As yet, not one single Earth-like exoplanet in a habitable zone around a star similar to our Sun has been found or characterized. If successful, PLATO will be a pioneer in finding new worlds for humanity to explore.
Don Pollaco, University of Warwick professor of physics and leader of the PLATO Science consortium, commented in a recent statement, “This is fantastic news for Europe, PLATO will allow the first systematic survey of nearby planets for indications from advanced life forms (as well as slime). A few years ago this would have been science fiction and now it’s coming to pass as science fact.”
Many UK organizations will be participating in developing the instrument: e2V Technology and UCL will supply the Charge-Coupled Devices (CCD) sensors, much of the imaging software will come from Cambridge University, and Open University will handle Public Outreach.
Dr. Heike Rauer of the German Aerospace Center (DLR) will lead the PLATO mission. “PLATO will begin a completely new chapter in the exploration of extrasolar planets,” Dr Rauer confidently predicts. “We will find planets that orbit their star in the life-sustaining ‘habitable’ zone: planets where liquid water is expected, and where life as we know it can be maintained.”

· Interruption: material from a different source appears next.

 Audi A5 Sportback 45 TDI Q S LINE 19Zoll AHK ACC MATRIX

So that detailed comparisons with our own solar system can be made, PLATO will measure the sizes, masses, and ages of planetary systems it finds. “In the last 20 years more than one thousand exoplanets have been discovered, with quite a few multi-planetary systems among them,” Rauer explained. “But almost all of these systems differ significantly from our Solar System in their properties, because they are the easiest-to-find examples. PLATO firmly will establish whether systems like our own Solar System, and planets like our own Earth are common in the Galaxy.”
PLATO will use the periodic dimming of the detected starlight, caused by a planet orbiting in front of the star and blocking PLATO's view of a fraction of the starlight, to detect exoplanets. This will be accomplished with an array of 34 separate 12-centimeter telescopes and cameras mounted on an observing platform in the space probe, which will be used to investigate approximately a million stars spread out over half the sky. These “eyes" can be combined in many different configurations, giving PLATO unprecedented capabilities to simultaneously observe both bright and dim objects. Positioned at one of the Lagrangian Points (specifically L2), where the gravitational pull of the Sun and the Earth cancel each other out, PLATO will stay at a fixed position in space. L2 is approximately 930 million miles beyond Earth, as seen from the Sun.

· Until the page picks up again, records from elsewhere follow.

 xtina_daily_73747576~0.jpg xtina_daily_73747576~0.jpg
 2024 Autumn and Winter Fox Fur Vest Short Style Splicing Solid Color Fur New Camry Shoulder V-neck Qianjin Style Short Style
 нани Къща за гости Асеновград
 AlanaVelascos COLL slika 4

PLATO will also use astroseismology to measure tiny changes in detected starlight that are caused by small vibrations in the host stars. The vibrations reveal the internal structure of the vibrating body, just like on Earth. We are able to learn the age of the vibrating star and the planets orbiting it with astroseismology.
PLATO's measurements, coupled with ground-based radial velocity observations, will allow researchers to calculate a planet's mass and radius, and therefore its density. These measurements will provide an indication of its composition, needed to properly describe a planet. “The observation of planets in many different states of their evolution will give us clues for the past and the future of our own planetary system,” Dr Rauer remarked. “By no means do we know all about the youth of our Solar System.”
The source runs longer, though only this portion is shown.